Mark Steyn: So Obama wants to be his “brother’s keeper”? I have an idea for him!
posted at 2:30 pm on February 3, 2012 by Tina Korbe
In the midst of espousing Biblical principles at the National Prayer Breakfast yesterday, Barack Obama made a point to say, “We are our brother’s keeper.” Interesting that he used the collective “we” — and made no mention of his actual brother or of his responsibilities to him.
Yesterday evening, author Mark Steyn filled in the gaps in the president’s speech:
“Oh give me a break,” Steyn said on Hugh Hewitt’s radio show on Thursday night. “For a start, when he says, ‘I am my brother’s keeper,’ his brother is back in Kenya living on $12 a year. That’s what he was living on at the time of the 2008 election. So all the president has to do in terms of shared responsibility is put a $10 bill in an envelope and mail it to Nairobi or Mombasa or wherever and he will double his brother’s salary.”
At issue is the Obama administration’s effort to require Catholic institutions to provide contraception. Steyn explained this is part of “big government” trying to supplant the church as a source of “moral authority.”
“This version of shared responsibility means the state should be your ‘brother’s keeper,’” he said. “And this is the point for the Catholic Church. Separation of church and state is one thing, but big government means the state as church, the sole legitimate source of moral authority whether it’s on contraception or gay marriage or abortion or any of the rest. And that’s what you see in Europe. Big government drives out other sources of moral authority.”

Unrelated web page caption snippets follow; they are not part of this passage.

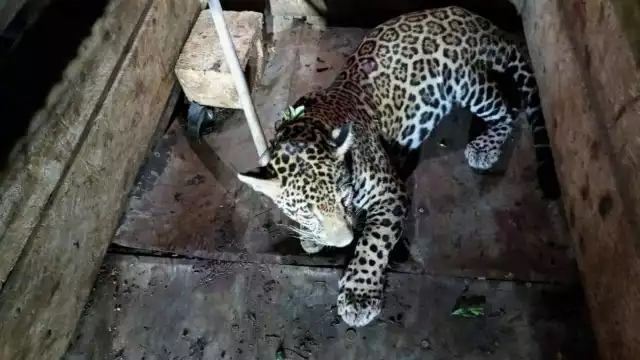 Tras su rescate y recuperación, el jaguar fue liberado en su hábitat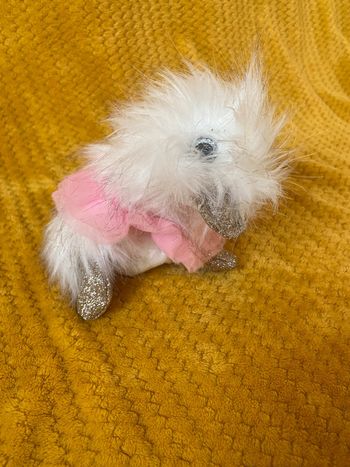 Peluche Coin Coin Paris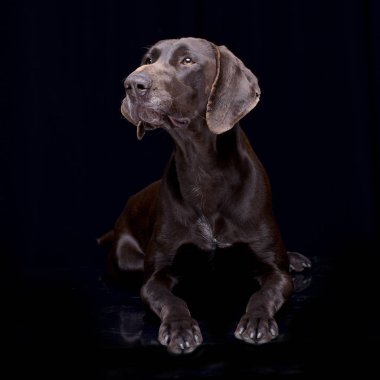 Siyah arka plan üzerine yalan bir sevimli deutsch kurzhaar stüdyo çekim.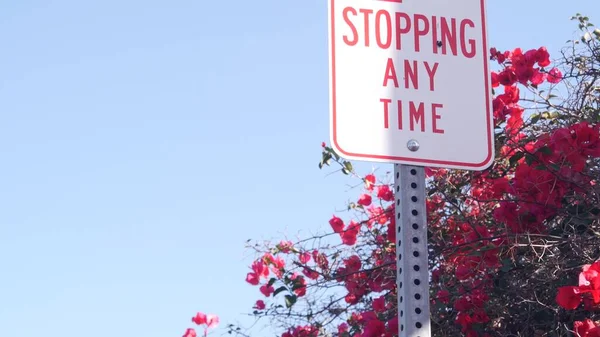 California City Caddesi, ABD 'de yol kenarında zaman tabelasında durmak yok. Bougainvillea bitkisinin kırmızı çiçekleri, kırmızı çiçek ya da çiçek, mavi gökyüzü. Amerika 'da trafik işaretleri yok. Yolculuk
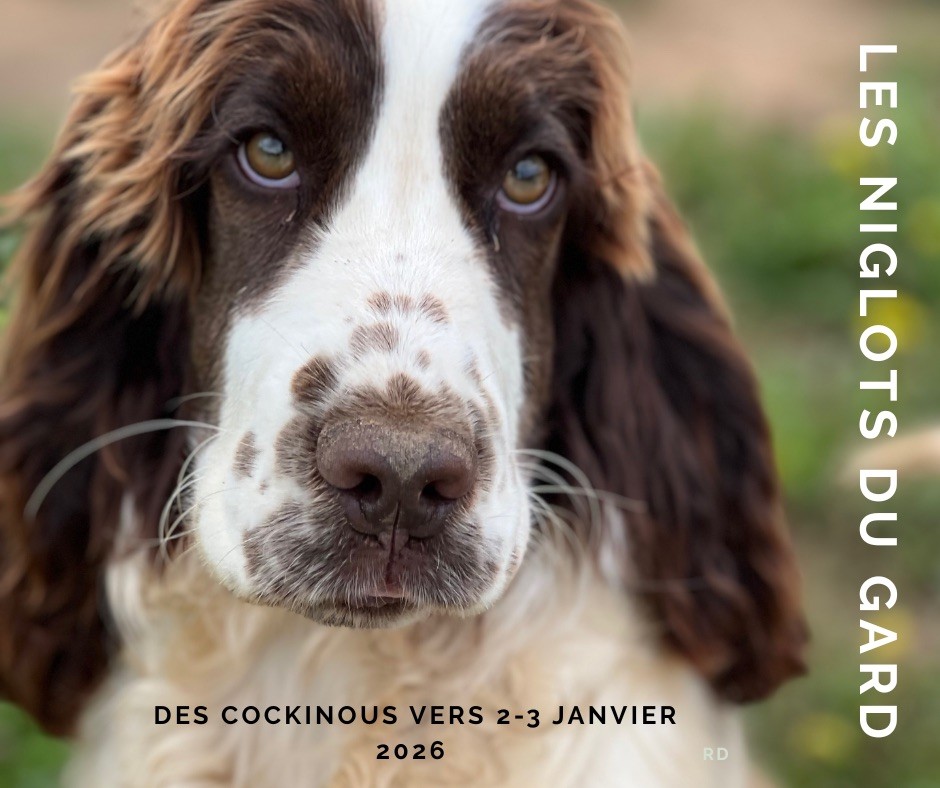 DES COCKINOUS POUR JANVIER 2026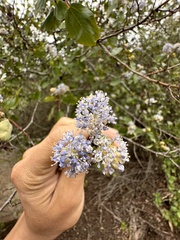 Ceanothus oliganthus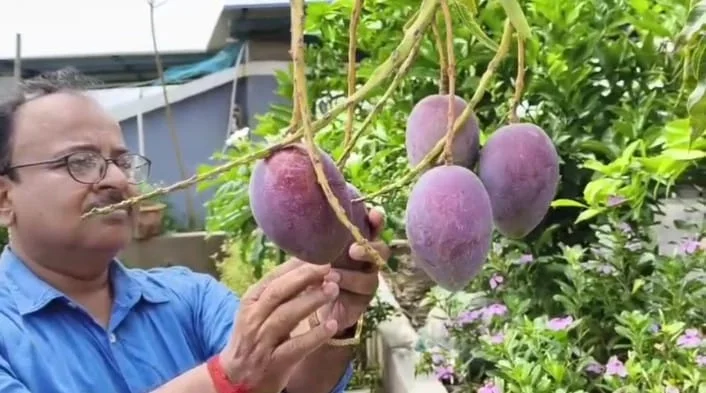 দাম ছয় হাজার টাকা কেজি! দুর্মূল্য মিয়াজাকি আম ফলিয়ে সবাইকে চমকে দিয়েছেন ঝন্টু সরকার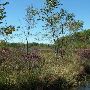 Bald Mountain State Park
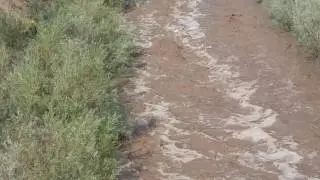 Head of a flash flood rushes down Santa Fe River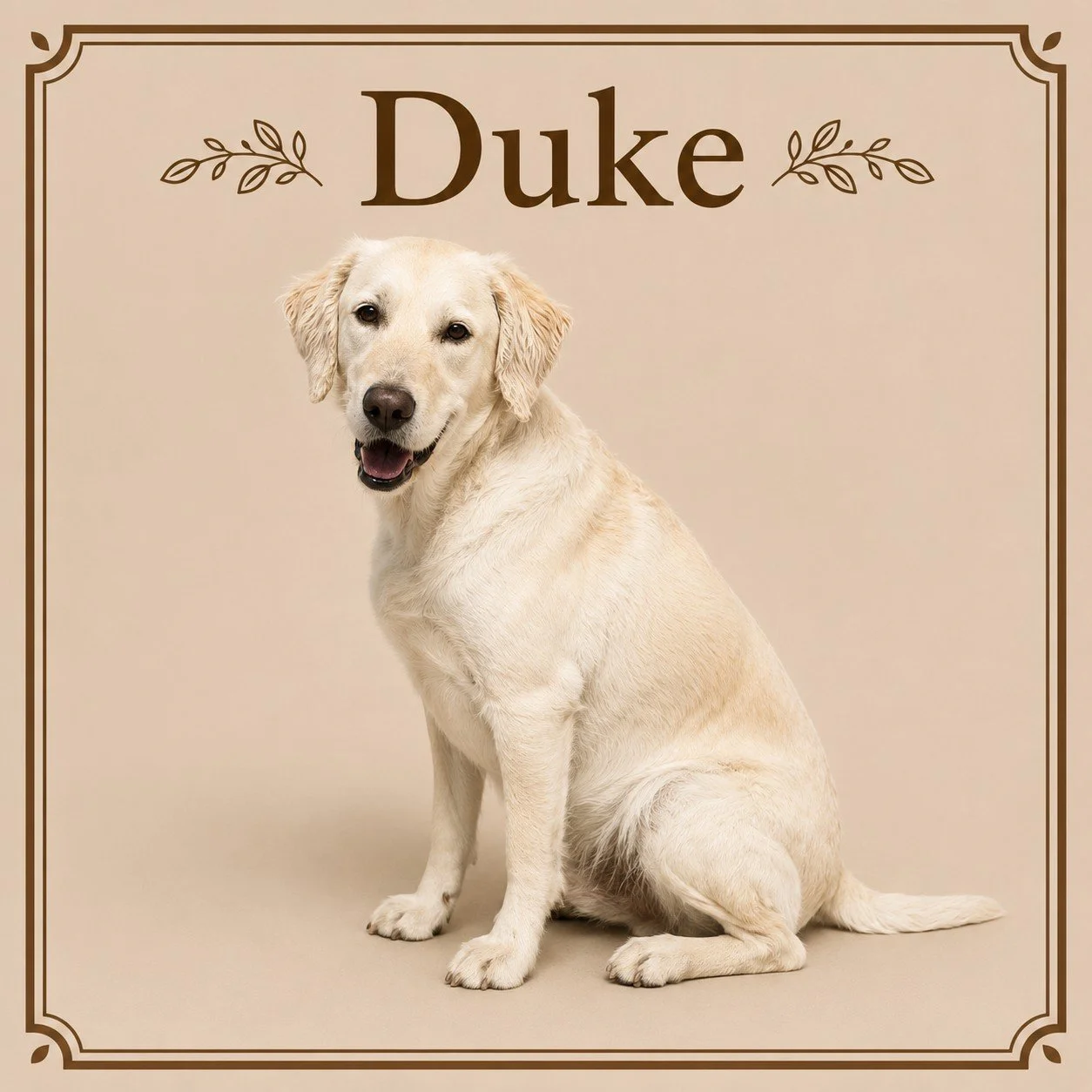 Duke.jpeg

Steyn’s comments are thought-provoking, as they usually are. His last statement, though, could easily be reversed: The decline of other sources of moral authority enables big government. It’s a chicken-egg dilemma: Did we first abandon a belief in the authority of church and family, leaving a hole for government to fill? Or did the government gradually usurp the authority of church and family, leading church and family to abdicate responsibility?